Action item:
No pictures in the copy. Write out the listing below exactly.

Dataset extract:
######

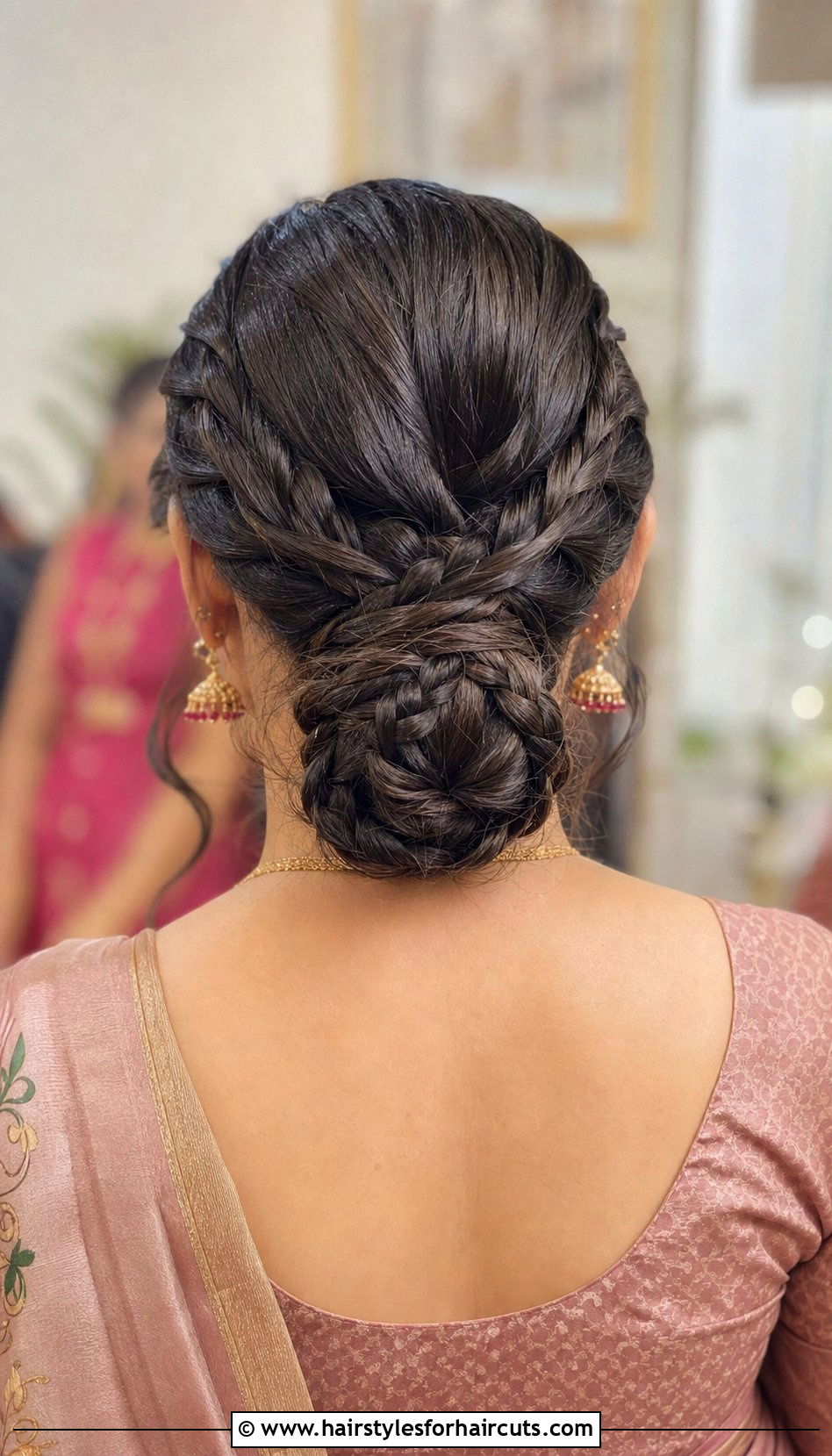 Double Braid Bun - 25 hairstyles for saree - 25 hairstyles for saree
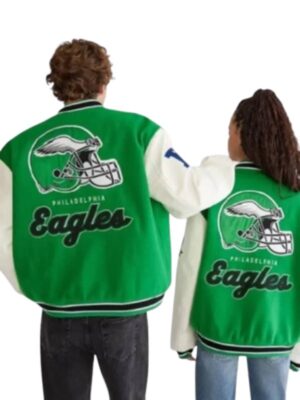 Aeropostale Philadelphia Eagles Green and White Varsity Bomber Jacket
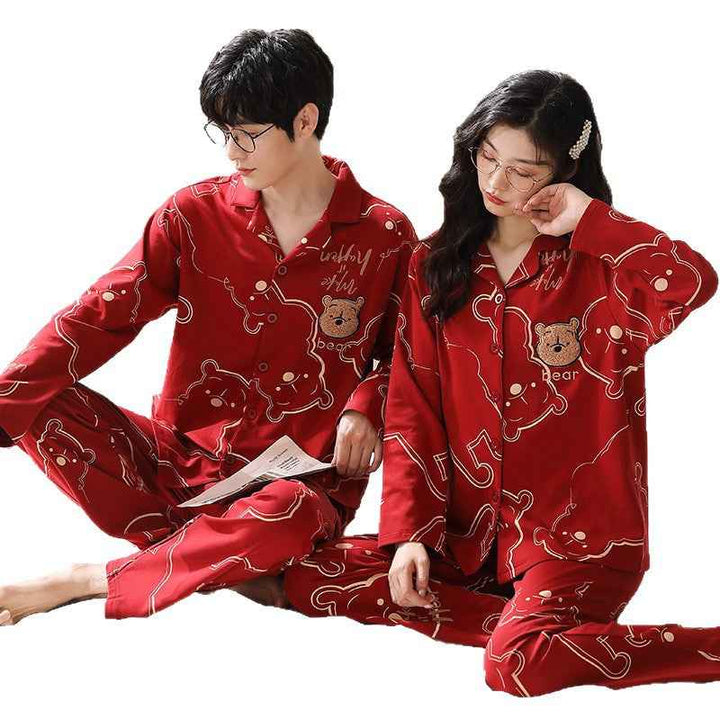 Red couple pajamas long sleeved card home clothes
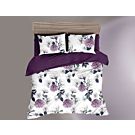 Linge de lit avec motif fleuri en blanc et violet – Fourre de duvet – 160x210 cm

######

Exercise solution:
 Double Braid Bun - 25 hairstyles for saree - 25 hairstyles for saree
 Aeropostale Philadelphia Eagles Green and White Varsity Bomber Jacket
 Red couple pajamas long sleeved card home clothes
 Linge de lit avec motif fleuri en blanc et violet – Fourre de duvet – 160x210 cm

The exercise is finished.